The murmers others heard her heart outpour
Swell to an anthem in your richer verse.
If wider vision brings a wider scope
For art, and depths profounder for emotion,
Yours be the song whose master-tones shall ope
A new poetic heaven o’er earth and ocean.
The New Day comes apace; its virgin fame
Be yours, to fan the fiery soul to flame.

Indeed, he has often said to me: ‘There is a tide in the affairs of men, and I did not throw myself upon my little tide until it was too late, and I am not going to repine now.’ For my part, I have been a student of English poetry all my life—it is my chief subject of study—and I predict that when poetic imagination is again perceived to be the supreme poetic gift, Mr.
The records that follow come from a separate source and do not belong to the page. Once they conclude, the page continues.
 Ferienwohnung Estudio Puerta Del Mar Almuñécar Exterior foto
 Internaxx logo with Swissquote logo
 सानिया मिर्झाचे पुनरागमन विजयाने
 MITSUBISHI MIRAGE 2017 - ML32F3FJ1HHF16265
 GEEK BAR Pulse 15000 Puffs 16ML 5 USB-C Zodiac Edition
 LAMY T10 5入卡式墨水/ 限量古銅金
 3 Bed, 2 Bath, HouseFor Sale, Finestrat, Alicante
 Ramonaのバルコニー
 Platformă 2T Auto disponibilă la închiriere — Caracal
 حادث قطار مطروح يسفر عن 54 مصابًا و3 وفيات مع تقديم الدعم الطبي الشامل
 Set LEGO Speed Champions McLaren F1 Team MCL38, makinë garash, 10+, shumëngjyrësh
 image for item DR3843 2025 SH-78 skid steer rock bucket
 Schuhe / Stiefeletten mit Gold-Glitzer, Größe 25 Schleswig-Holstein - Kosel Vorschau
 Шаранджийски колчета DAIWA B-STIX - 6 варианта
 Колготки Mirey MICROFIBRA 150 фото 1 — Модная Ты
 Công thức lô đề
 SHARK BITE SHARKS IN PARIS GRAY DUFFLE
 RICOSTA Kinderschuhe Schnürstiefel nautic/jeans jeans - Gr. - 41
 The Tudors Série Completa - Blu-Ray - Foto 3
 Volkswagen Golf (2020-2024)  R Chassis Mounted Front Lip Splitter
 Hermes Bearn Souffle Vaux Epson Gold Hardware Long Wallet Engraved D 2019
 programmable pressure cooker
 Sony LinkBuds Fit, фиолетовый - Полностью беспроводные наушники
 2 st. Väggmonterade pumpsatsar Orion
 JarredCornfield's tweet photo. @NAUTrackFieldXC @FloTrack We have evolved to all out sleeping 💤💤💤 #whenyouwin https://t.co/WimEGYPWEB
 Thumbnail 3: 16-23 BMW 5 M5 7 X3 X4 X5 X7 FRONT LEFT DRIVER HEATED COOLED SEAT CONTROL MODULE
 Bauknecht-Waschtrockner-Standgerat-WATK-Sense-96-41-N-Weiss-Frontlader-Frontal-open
Watts-Dunton’s genius will be acclaimed. In respect of imaginative power, apart from the other poetic qualities—‘the power of seeing a dramatic situation and flashing it upon the physical senses of the listener,’ none of his contemporaries have surpassed him.

I have said in print more than once that I, a Celt myself, can see more Celtic glamour in his poetry than in many of the Celtic poets of our time. And, if we are to judge by the vogue of ‘The Coming of Love’ and ‘Aylwin’ in Wales, the Welsh people seem to see it very clearly. Take, for instance, the sonnet called ‘The Mirrored Stars’ again, given on page 29. It is impossible for Celtic glamour to go further than this; and yet it is rarely noted by critics in discussing the Celtic note in poetry.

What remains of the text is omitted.